What you will do: Reproduction of part of the material below, pictures omitted: copy exactly, and only, the lines starting with the one with "2 - Anti-CDK1/Cdc2" and going on through the one with "최소연골소프트라인코성형 상세03".

Data records:
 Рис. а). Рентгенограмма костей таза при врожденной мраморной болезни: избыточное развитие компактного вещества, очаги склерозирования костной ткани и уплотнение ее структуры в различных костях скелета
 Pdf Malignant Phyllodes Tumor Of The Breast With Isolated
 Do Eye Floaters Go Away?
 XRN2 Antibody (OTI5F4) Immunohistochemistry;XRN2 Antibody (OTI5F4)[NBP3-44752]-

* * *

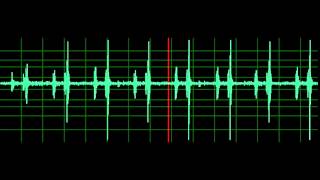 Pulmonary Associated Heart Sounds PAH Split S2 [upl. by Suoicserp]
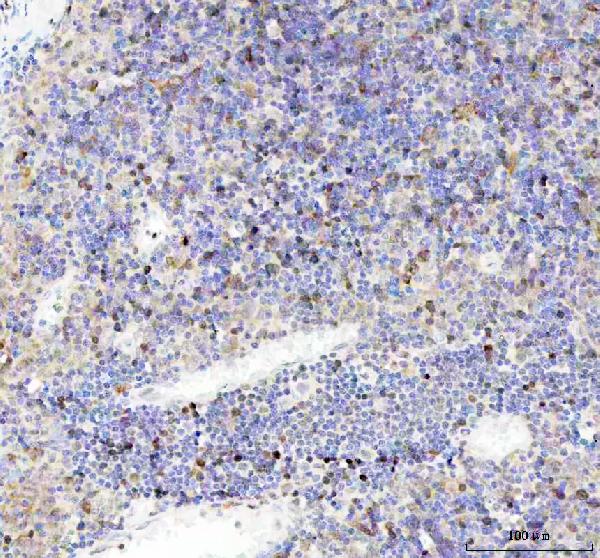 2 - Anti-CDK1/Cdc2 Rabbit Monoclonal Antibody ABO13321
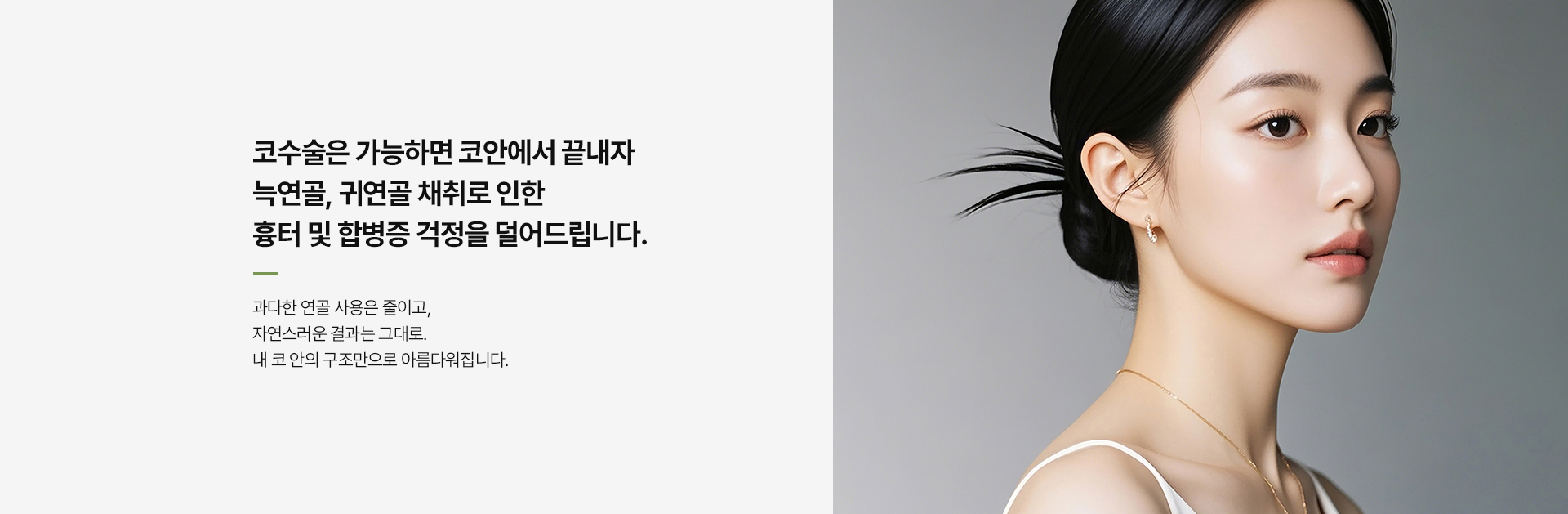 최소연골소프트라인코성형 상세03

==

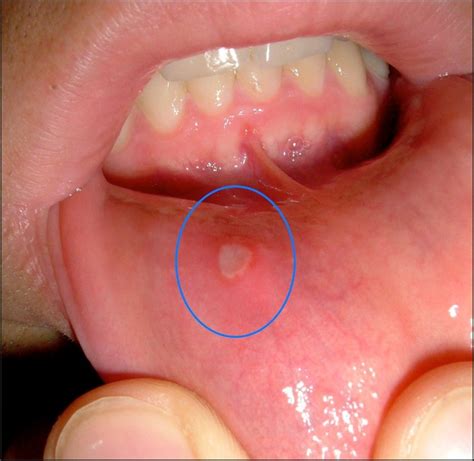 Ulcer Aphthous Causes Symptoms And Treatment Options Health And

Expected answer:
 2 - Anti-CDK1/Cdc2 Rabbit Monoclonal Antibody ABO13321
 최소연골소프트라인코성형 상세03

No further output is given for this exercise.